Assim sendo, establecemos duas disposições. A primeira é a reactivação da Grand Prix Drivers Association, como órgão que serve de interesse aos pilotos. É um orgão tripartido entre eu, Bob Turner, o belga Patrick Van Diemen, actual piloto da Ferrari e o sildavo Alexandre de Monforte, o novo piloto da Apollo e representando a geração mais nova. O nosso objectivo é falar dos nossos interesses junto das equipas, dos organizadores e da entidade máxima do automobilismo, a FIA, e o seu corpo desportivo, a Comission Sportive International, CSI.
Nesta reunião, decidimos também que como medida de força, a aprovação por unanimidade, que, alegando motivos de segurança, os pilotos não comparecerão ao Grande Prémio da Alemanha marcado para o próximo dia 2 de Agosto no circuito de Nurburgring, e tal disposição se manterá caso o Automóvel Clube Alemão não transfira o Grande Prémio para o circuito de Hockenheim, mais a norte de Nurburgring, pois achamos que é mais pequeno e bastante mais seguro do que o Nordschleife.
O final do nosso boicote a Nurburgring está dependente da atitude e do cumprimento das nossas recomendações em matéria de segurança num circuito tão grande como este.

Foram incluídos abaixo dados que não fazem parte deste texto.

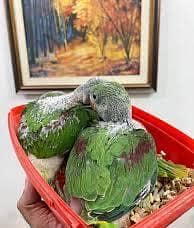 raw chicks pair and single 4
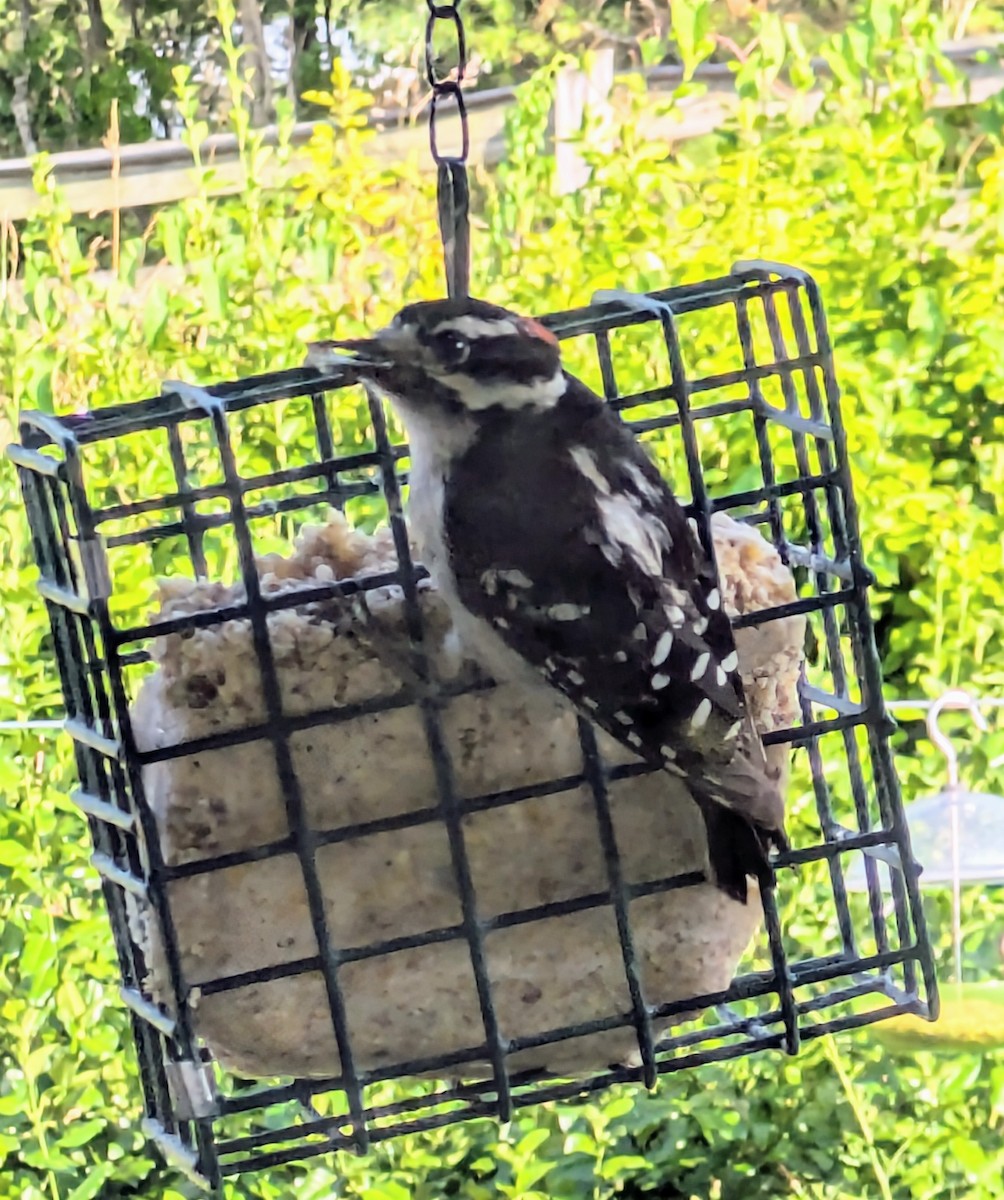 Downy Woodpecker - Terese Gee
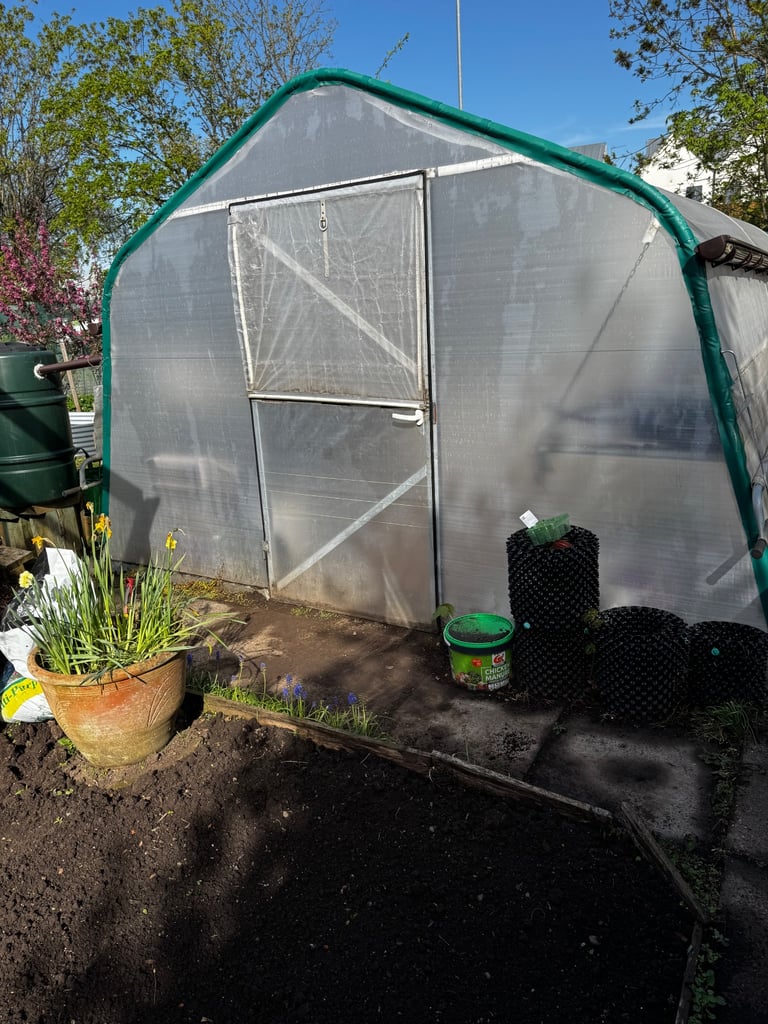 Haygrove polytunnel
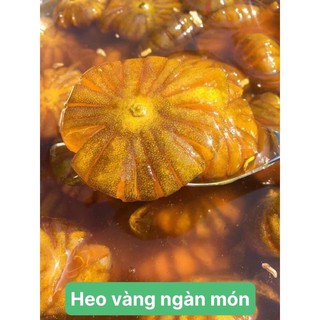Tắc xí muội hoa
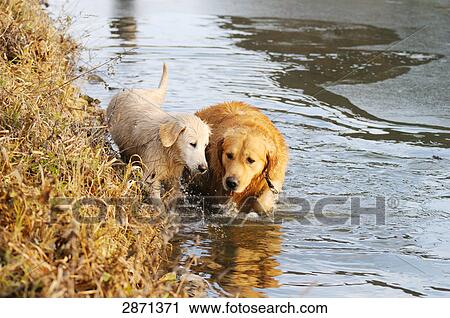 Stock Image - Golden Retriever walking with its puppy in water, Franconia, Bavaria, Germany . Fotosearch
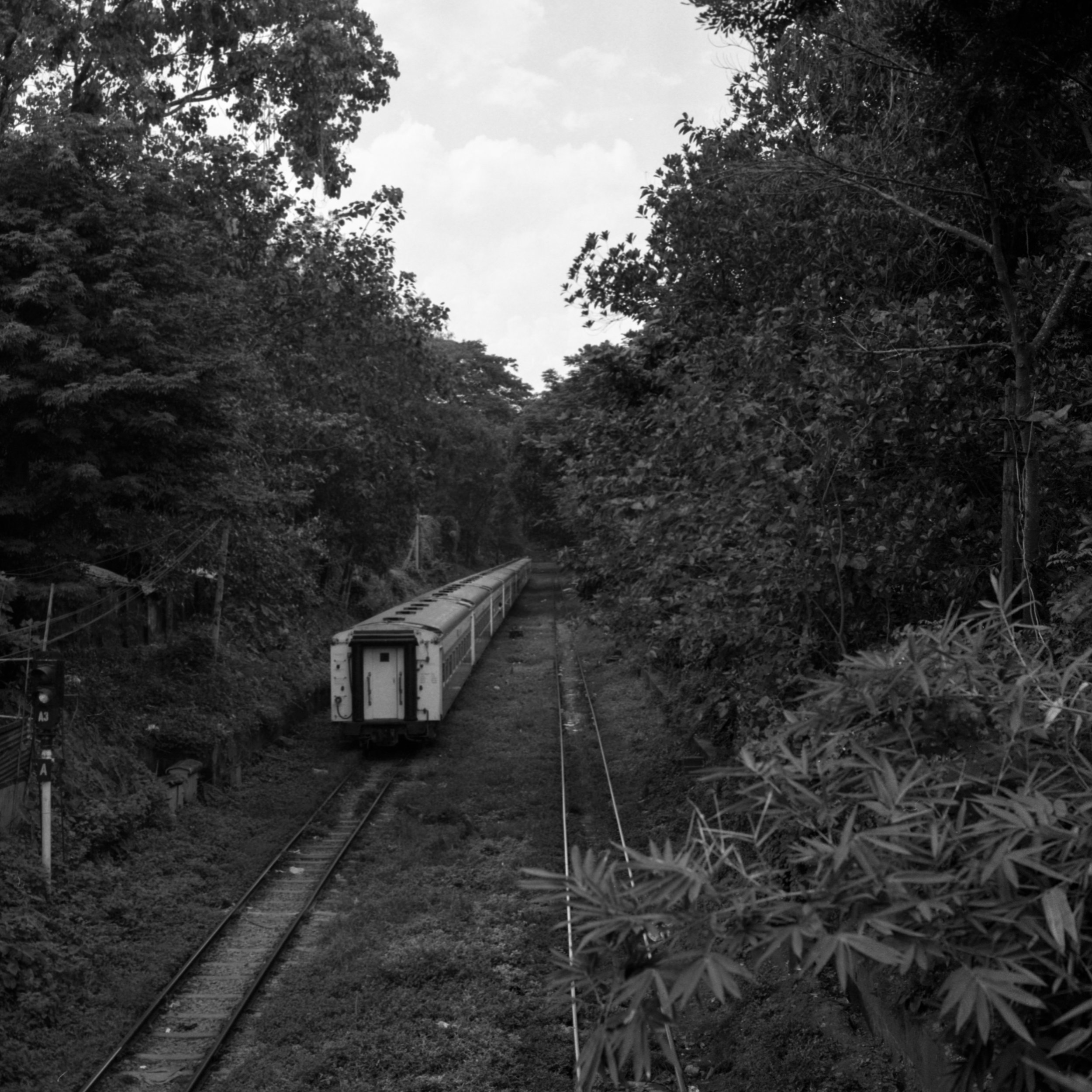 501cm-hp5376.jpg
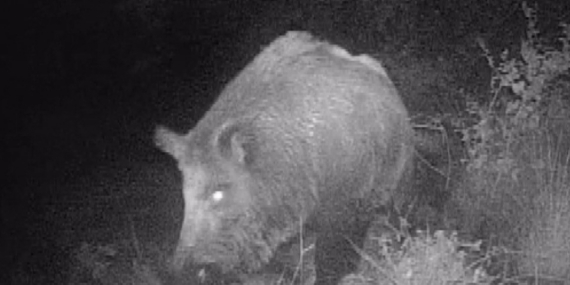 Kahramanmaraşlı doğa tutkunu genç fotokapanla yaban hayatını görüntülüyor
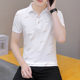翻领冰感潮流休闲帅气上衣体恤衫 夏季 t恤透气Polo衫 短袖 轻奢男士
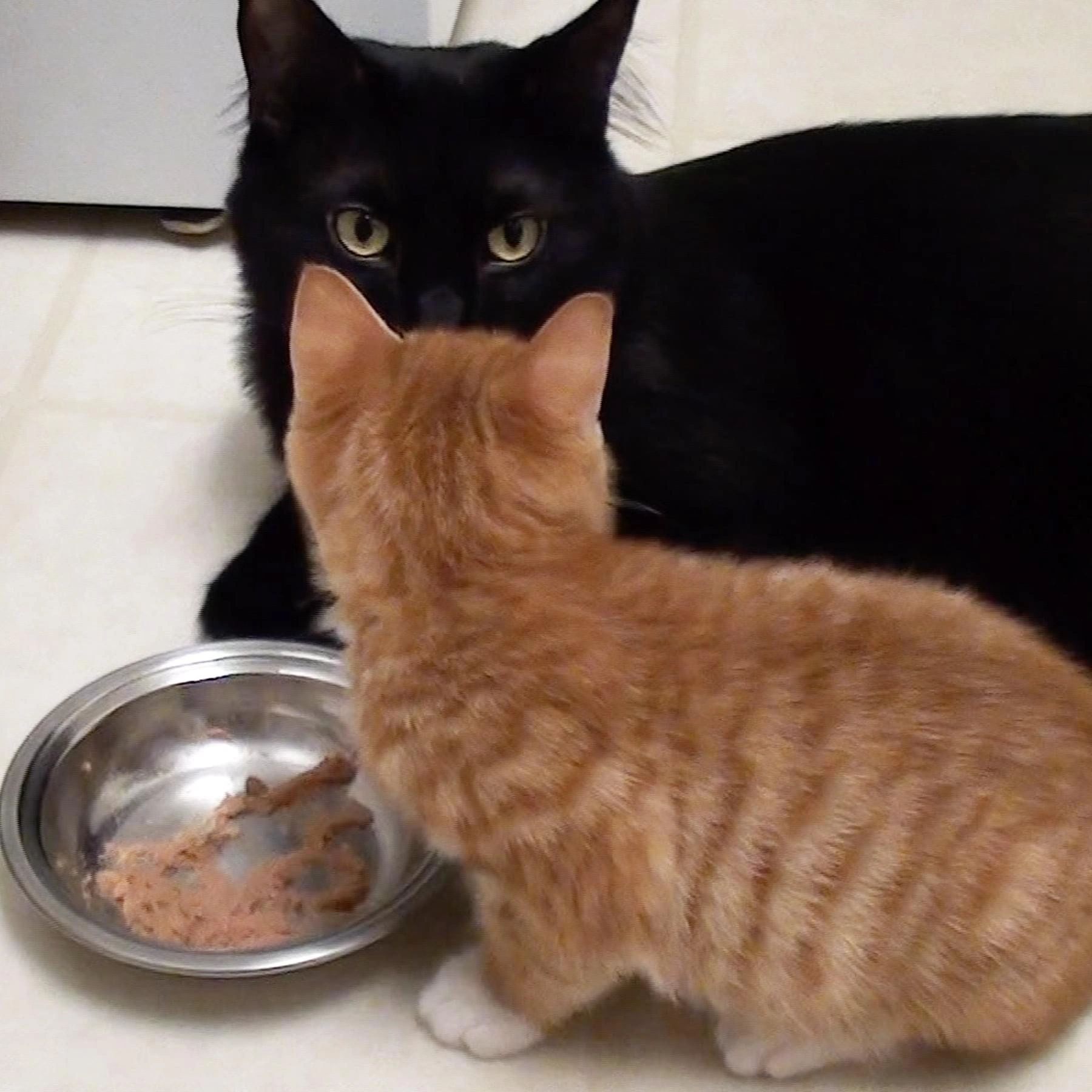 Grieving Cats We Never Knew Rest In Peace, Cole.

E também queremos afirmar que existe um segundo circuito na nossa mira, o de Spa-Francochamps, e queremos dizer que a eventualidade de um GP da Belgica em 1971 está dependente das necessárias obras de remodelação para a introdução dos necessários elementos de segurança como redes de protecção, rails duplos ou triplos e outros acessórios que achemos necessários. E isso se estende a todos os circuitos presentes e futuros.
Para finalizar, apelamos aos construtores para que no futuro ajudem na nossa luta por carros tão velozes como agora, mas mais seguros para todos: pilotos e espectadores. Creio que isto será uma situação no qual todos ganharão a prazo".
Muito obrigado a todos por nos ouvirem. Estamos á disposição para as vossas perguntas.
Os flashes disparam de novo, os jornalistas acotovelam-se para fazer perguntas, todos querendo ser o primeiro.